いつの間にか最寄り駅についた。友達が起こしてくれたようだ。一泊のキャンプ、されど荷物で両手は塞がっている。ひとまず荷物を改札前に置き、ma◯akaの入った財布を取り出す。確か、ズボンの後ろポケットにしまったはずだ。、、、カバンのサイドポケットだったかも。、、、なるほど、財布を落としてしまったらしい。

僕が落ち着いていられたのは、財布を落とすのがこれで2回目だったからだ。高校生の時、部活に向かう途中、パンツの後ろポケットにしまって、自転車に乗っている時落とした。2日後に無事見つかり、謝礼をしたのを思い出す。懐かしい。親にも、多数の大人にも迷惑をかけた苦くも、喜もある良い思い出だ。

そんなわけで、とりあえずインターホーンを鳴らし駅員さんにことの顛末を話し、改札を出ることになった。その時に、忘れ物センターの電話番号の書かれたメモを渡され、それを大事にズボンの後ろポケットにしまって帰路についた。

疲れた。ドッと疲労の波が一気に押し寄せてくる。パサついた髪、汚れた服、臭い足、さっさと洗濯して、風呂に入ろう。

疲れた体に風呂が染みる。徹夜明けの休みの朝にビールを飲みながら貯めておいたドラマを一気に見る。そんな快感に浸りながら風呂を出る。鼻歌でも口づさみながら髪をドライヤーで乾かす。しばらくして何かを思い出したかのように、手が止まる。ドライヤーのゴォォという音だけが狭い洗面所に響く。メモ。そうだメモが、気づいた時には遅かった。洗濯機を開け、ポケットを確認する。そこにはチリチリになって原型がわからない、紙切れがゴミのようにででくる。

動揺、腹の底から溢れてきたため息が喉を通過する。

「何してんだろ、」

ボッーと立ち尽くしていると電話の音が鳴る。誰だろうとバッテリーの黄色いスマホを覗くと母の文字。さっき、母に財布を無くしたことを連絡したのだ。

「あんた、また財布なくしたん。届出はだしたんか」
「おん、届出は後で出すわ」
「そっか、、、」

怒られると思ったが、心配の方が勝っていたようだ。それとも、僕の声がいつもより低く聞こえていたのかもしれない。

「あのさ、忘れ物センターの電話番号が書かれた紙もらったんやて、それさ、、洗ってもうてなくしなったわ、」
「、、そっかぁ、まぁ、そういうことはあるわな。ネットにでも書いてあるんちゃっない。

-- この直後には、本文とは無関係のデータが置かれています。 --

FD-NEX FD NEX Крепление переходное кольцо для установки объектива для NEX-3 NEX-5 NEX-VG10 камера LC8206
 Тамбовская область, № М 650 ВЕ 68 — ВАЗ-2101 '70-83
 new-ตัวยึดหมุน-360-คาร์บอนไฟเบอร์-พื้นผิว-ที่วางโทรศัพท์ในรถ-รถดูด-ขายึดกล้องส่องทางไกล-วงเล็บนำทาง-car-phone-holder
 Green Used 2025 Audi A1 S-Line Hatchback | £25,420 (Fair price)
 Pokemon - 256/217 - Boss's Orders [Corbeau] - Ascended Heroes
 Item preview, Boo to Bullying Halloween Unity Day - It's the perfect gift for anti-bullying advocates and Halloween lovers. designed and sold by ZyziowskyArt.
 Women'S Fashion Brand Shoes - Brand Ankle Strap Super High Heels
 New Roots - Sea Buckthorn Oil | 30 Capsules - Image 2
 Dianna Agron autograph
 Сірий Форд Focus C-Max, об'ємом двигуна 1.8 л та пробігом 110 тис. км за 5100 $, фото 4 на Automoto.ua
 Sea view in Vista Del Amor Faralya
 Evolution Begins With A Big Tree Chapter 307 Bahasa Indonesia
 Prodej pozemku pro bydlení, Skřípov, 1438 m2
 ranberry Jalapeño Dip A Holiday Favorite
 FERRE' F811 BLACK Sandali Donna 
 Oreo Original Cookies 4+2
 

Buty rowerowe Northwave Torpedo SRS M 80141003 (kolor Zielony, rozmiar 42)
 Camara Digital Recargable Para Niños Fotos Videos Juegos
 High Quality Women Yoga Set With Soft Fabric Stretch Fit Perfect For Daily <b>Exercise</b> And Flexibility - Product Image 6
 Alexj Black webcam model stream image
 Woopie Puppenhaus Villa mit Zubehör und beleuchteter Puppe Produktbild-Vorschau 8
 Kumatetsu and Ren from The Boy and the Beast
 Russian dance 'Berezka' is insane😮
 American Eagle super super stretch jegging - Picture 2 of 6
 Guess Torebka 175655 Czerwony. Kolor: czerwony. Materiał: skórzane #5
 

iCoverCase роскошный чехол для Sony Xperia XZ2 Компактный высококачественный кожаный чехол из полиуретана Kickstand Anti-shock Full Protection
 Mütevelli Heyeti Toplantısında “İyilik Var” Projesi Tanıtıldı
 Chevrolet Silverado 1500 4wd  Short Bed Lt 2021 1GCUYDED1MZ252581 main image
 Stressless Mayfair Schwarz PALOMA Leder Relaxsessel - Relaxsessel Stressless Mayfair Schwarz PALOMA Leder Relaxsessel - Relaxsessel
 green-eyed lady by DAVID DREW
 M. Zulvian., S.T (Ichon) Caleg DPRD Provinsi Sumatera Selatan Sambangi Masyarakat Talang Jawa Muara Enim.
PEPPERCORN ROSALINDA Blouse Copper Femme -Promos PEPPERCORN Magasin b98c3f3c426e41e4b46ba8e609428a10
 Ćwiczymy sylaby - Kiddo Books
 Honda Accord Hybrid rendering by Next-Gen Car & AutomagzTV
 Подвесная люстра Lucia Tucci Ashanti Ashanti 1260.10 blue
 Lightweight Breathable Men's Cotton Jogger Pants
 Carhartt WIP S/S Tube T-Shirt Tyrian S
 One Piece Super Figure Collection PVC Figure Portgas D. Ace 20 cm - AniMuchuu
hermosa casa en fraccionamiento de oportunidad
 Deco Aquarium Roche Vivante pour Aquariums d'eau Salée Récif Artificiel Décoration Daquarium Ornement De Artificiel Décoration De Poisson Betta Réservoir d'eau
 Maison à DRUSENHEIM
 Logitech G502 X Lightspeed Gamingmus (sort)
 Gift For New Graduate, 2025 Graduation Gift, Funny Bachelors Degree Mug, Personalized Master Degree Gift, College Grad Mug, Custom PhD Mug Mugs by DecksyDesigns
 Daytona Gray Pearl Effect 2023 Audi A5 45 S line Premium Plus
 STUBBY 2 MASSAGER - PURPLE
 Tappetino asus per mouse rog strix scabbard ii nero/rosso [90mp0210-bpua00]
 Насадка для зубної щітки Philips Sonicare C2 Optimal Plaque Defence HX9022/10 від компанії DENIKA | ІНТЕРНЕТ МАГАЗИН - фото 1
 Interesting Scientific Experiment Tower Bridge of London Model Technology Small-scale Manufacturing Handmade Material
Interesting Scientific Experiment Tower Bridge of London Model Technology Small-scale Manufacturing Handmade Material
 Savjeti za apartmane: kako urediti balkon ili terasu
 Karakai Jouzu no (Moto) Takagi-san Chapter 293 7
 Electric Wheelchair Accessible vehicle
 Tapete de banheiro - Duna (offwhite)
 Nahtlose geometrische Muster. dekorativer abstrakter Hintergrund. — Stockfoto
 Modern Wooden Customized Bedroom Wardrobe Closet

」

あ、そうか、調べればいいのか。

僕は電話を切り、検索する、でできた050....。よくみたら対応時間が過ぎているのがわかった。

そりゃそうだ。何のためにメモを渡したんだと、僕は思っている以上に疲れているのかもしれない。

考える。

「よし、もう一度駅に行って聞こう。」

前向きになろうと気合いで起きる。同じマンションに住む友達には申し訳ないが、もう一度入り口の玄関を開けてもらうことになるだろう。

サドルに股をかけ、勢いよくペダルを踏む。何かに追われているかの如く、急いで駅に向かった。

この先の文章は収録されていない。